Damian Pataluna describes the last four years as “brutal”.
Pataluna is the owner of Fischers SIPS, a manufacturer and distributor of structural insulated paneling. He says the best way to describe his product is to think of an Oreo cookie – it’s the framing, insulation and sheeting pressed together in one product. “It’s the fast way to put up a very sound, very strong building and a more energy efficient option to steel,” said Pataluna.
His own 20,000-square-foot building is made from his product and his average monthly energy bill is around $1,200. He also has another building made of steel that is half the size at 10,000 square feet and that energy bill runs about $1,400 a month.

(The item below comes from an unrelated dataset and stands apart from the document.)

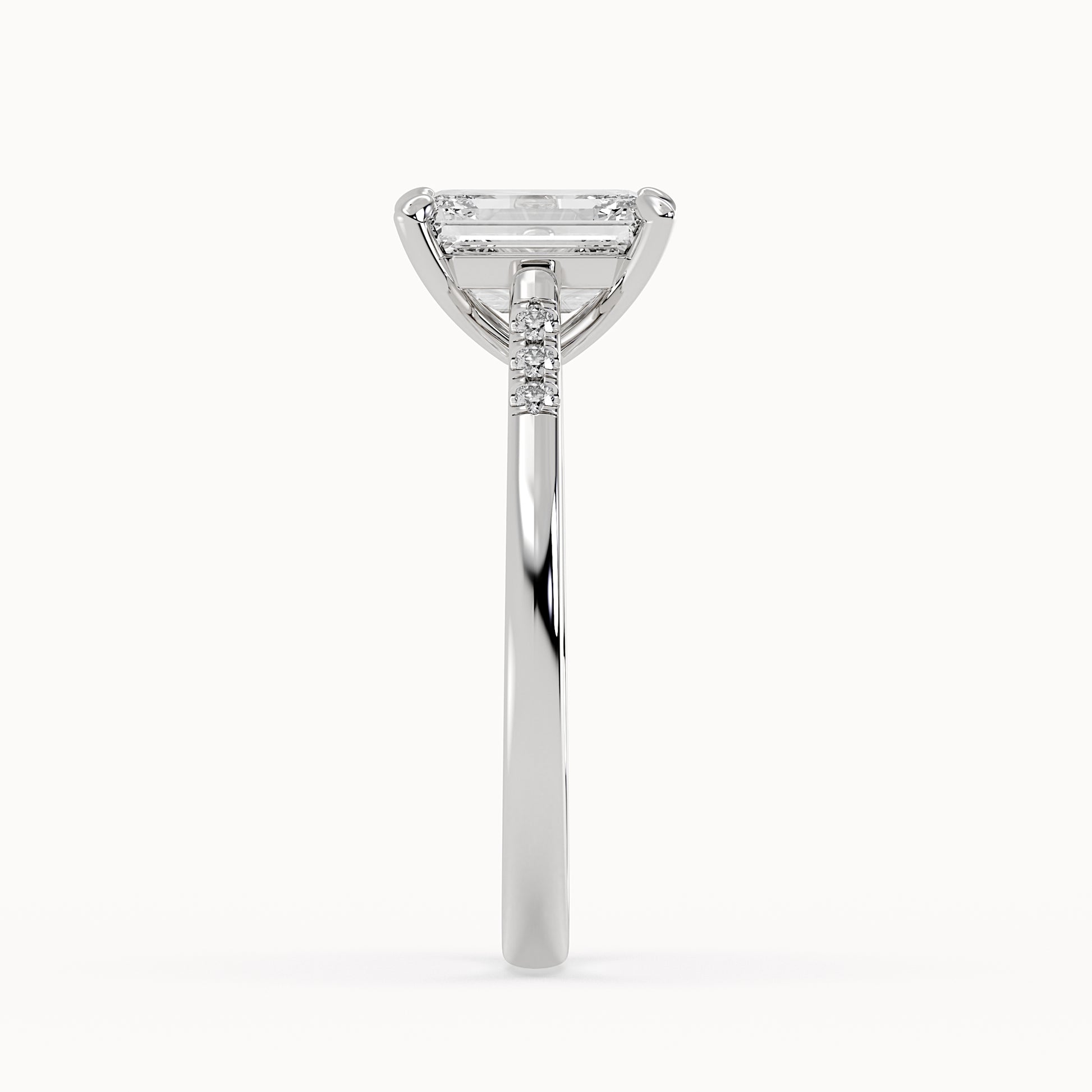 Grace - White Gold - grace-WG-emerald-side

Pataluna started with the company straight out of college as a sales person. He had co-oped at GE where he said he felt like just a number. “I never felt like I was making an impact on the business,” he said. He went to his career counselor at Bellarmine University and said he was interested in finding a small, growing company to start his career. The counselor knew of Fischers SIPS and encouraged him to apply for the open sales position. In a small company, Pataluna quickly learned that even in sales, he had to do everything himself. “There were no product videos and very few marketing materials to work with,” he said. “The owners were supportive, though, and told to me to create whatever Ineeded and they would pay for it.”

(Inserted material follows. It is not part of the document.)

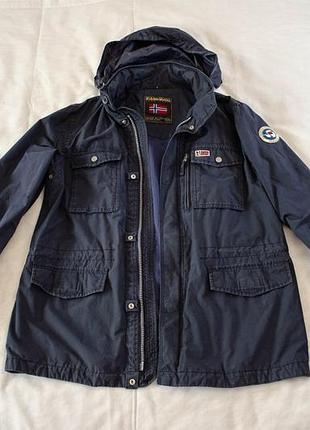 Napapijri куртка-вітровка в стилі мілітарі field jacket оригінал! розмір xl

Pataluna became educated on every facet of the business and was soon promoted to general manager and plant manager as the business grew. He had a big part in taking the small company from $400,000 annual sales when he started to an over $3 million company. So, in 2001, he decided he wanted to be a partner and bought out one of the minority owners. In 2003, he bought out a second minority owner and then in 2006, went to the only other majority owner to inquire about owning the whole business. Several banks turned him down, but Pataluna said his tenacity is what paid off and in 2006, he was able to buy the whole business. “If I had just waited one more year,” he says, smiling. “I could’ve gotten it for a song.” Then, in 2007, the housing market crashed and 65% of his customers disappeared. Suddenly, his very successful business was losing millions in sales and Pataluna had to go into survival mode with nonexistent cash flow.
What Pataluna learned
He cut his full staff of 23 down to 15 the first year and then to 10 the second year. He immediately started only making purchases that made sense. He could no longer afford to make purchases betting that work would come in. Pataluna all but eliminated his own salary. The same tenacity and perseverance that got him the loan to purchase the business is what kept him in business. He borrowed from friends and family; triple mortgaged his house and maxed out his personal credit cards over the years.